Así las cosas, el país se dirime en una nueva elección y la cosa está más peluda que nunca. Oh, momento: esto ya lo viví. En 2015. Recuerdo que a partir de ese año fue todo encerrarse y caer en un pozo de oscuridad tremendo, mientras la mayoría de las amistades vivían en un cumpleañito sin calentarse siquiera en preguntar cómo estás. La angustia con la que fui a votar esa vez sabiendo que todo se iba al tacho. Y sobrevivimos. Argentina es un país tan generoso que siempre queda algo que los predadores y carroñeros puedan seguir rascando.
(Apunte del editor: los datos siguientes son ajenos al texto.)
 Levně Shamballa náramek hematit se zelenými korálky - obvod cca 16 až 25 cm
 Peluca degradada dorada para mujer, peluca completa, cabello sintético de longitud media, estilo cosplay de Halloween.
Es un país tan enorme, tan lleno de gente hermosa y pujante que se puede reconstruir una y otra vez. Por eso los que nos van a hacer mierda son los de afuera, los que vengan a sobrevolar los despojos una vez que nos hayamos peleado entre nosotros de forma irreconciliable. Cuando tengamos anulada cualquier posibilidad de construir comunidad más allá de las diferencias, cuando estemos completamente obnubilados por el medio y el mensaje, seremos aniquilados.
Siento que ya lloré todas las lágrimas y aún me queda tanto por llorar. A veces es la felicidad la que me abruma. ¿Es posible ser feliz sabiendo lo que depara el futuro? Sí, me digo una y otra vez. Sí. Hace algunos años vi Arrival por primera vez (véanla, háganse un favor) y si sigo llorando cada vez que empieza y al llegar a su clímax es por eso mismo. Brevísimas ráfagas de intensidad, preciosas como diamantes, pueden emerger en las situaciones más desesperadas. A eso me aferro con toda la fuerza de mi alma.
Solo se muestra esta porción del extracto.